I would watch that thread with interest; is that an easy/difficult/worthwhile thing to do? I'd like bluetooth and an aux socket and satnav etc. I've been using rl maps/phone/ipod (which is an arseache tbh - Samsung S6 battery is shite and the aux socket in the glove box doesn't work anymore). Halfords would fit something that would do those things for c.£200 (with coloured lights:cool:). I have no idea if that's worth it or not.
Replacing a head unit is very easy. You get the tools (very cheap from Halfords) pull out the old head. Plug in the new head. That's pretty much all there is to it. The only thing to be aware of is that you might need adapters, but if you talk to your supplier they ought to be able to tell you and to sell you the right types. And keep your old head so when you sell the car you can put it in and keep your better one.
 
Replacing a head unit is very easy. You get the tools (very cheap from Halfords) pull out the old head. Plug in the new head. That's pretty much all there is to it. The only thing to be aware of is that you might need adapters, but if you talk to your supplier they ought to be able to tell you and to sell you the right types. And keep your old head so when you sell the car you can put it in and keep your better one.

Adapters make it much easier. Worth paying more for one that connects up the steering wheel volume controls if that's what you want.

I'm less confident of fitting an amp etc, but am slowly exploring my options here

Total stereo overhaul - In-Car Entertainment (Mk3 Mondeo)
 
GS?

Thanks for the link; it explains why I've always thought my stereo sounds OK :D (I've got the Sony speakers). Will have a look at those other options too.
 
GS?

Thanks for the link; it explains why I've always thought my stereo sounds OK :D (I've got the Sony speakers). Will have a look at those other options too.

That would be me. :)

Certainly seems a cheap option, but I'm leaning to just two nice speakers powered by an amp.
 
That would be me. :)

Certainly seems a cheap option, but I'm leaning to just two nice speakers powered by an amp.


You've made me check out my car's stereo now, it's got 13 Bose speakers and is loud as fuck. Now that I go everywhere with kids in the car so have to keep the volume down I finally get a banging stereo. Life's just unfair :(
 
You've made me check out my car's stereo now, it's got 13 Bose speakers and is loud as fuck. Now that I go everywhere with kids in the car so have to keep the volume down I finally get a banging stereo. Life's just unfair :(

Start getting them to appreciate your music and blast out those tunes.
 
Fucking hell it's hard to get info. The odd helpful person on a Ford Forum or audio snobs who think you need spend the value of your car to get something decent.

Plus 100 different units from each manufacturer making reviews thin on the ground.

Anyway I've changed my mind again and have bought 4 Sony speakers from the posh spec of mine and will add amp, head unit and a small sub under my seat.

The chap I bought the car from is doing the install free, provided I bring all the parts, so I figure that I can work out getting the door trim of at a later date and upgrading speakers myself, whereas the power and cables for an amp and sub sound trickier.

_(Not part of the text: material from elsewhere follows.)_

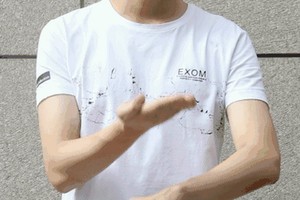 拍手背祛老年斑。（示意圖源：互聯網）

Basically doing all the stuff I wanted do when I was young.
 
Sounds sensible. Door trims, and indeed dismantling things like centre consoles, is probably easier than you might think. I can do mine no problem. Taking up carpet to add cables, getting cables through the firewall to the fuse box, etcetera etcetera, more of an issue. Fortunately I have an amp in the roof of the boot (it's a saloon) that came with it, so the fitting was done before my time.

I spoke at length to an outfit that quoted me £1500 for a proper audio refit, which I haven't had time or money for. Some things I picked up:

- Front speakers are much more important. They don't bother with rears at all IIRC.
- Head unit's the least critical piece - an average source (not the OEM one) will be OK
- Soundproofing etc is quite important
- They fabricated wooden settings for the speakers as otherwise you're putting a good speaker in a crap bit of plastic door fitting
- You can potentially take anything that isn't model specific or permanent (so not soundproofing) with you when you change car
 
I saw a Stagea with R34 hardware today. Pretty cool (for an estate).

Nissan-Stagea-GT-R300.jpg
 
Sorry if I mentioned this on this thread before!
You could pick up a Volvo V70 within budget. Volvo have a reputation for being staid reliable workhorses but the V70 can shift. In their book about their entry in the Gumball Rally a few years ago Clement Wilson and Richard Dunwoody got stuck with one. As it turned out for them, it was a great move. Very unassuming car that could motor that could take knocks.
 
Sounds sensible. Door trims, and indeed dismantling things like centre consoles, is probably easier than you might think. I can do mine no problem. Taking up carpet to add cables, getting cables through the firewall to the fuse box, etcetera etcetera, more of an issue. Fortunately I have an amp in the roof of the boot (it's a saloon) that came with it, so the fitting was done before my time.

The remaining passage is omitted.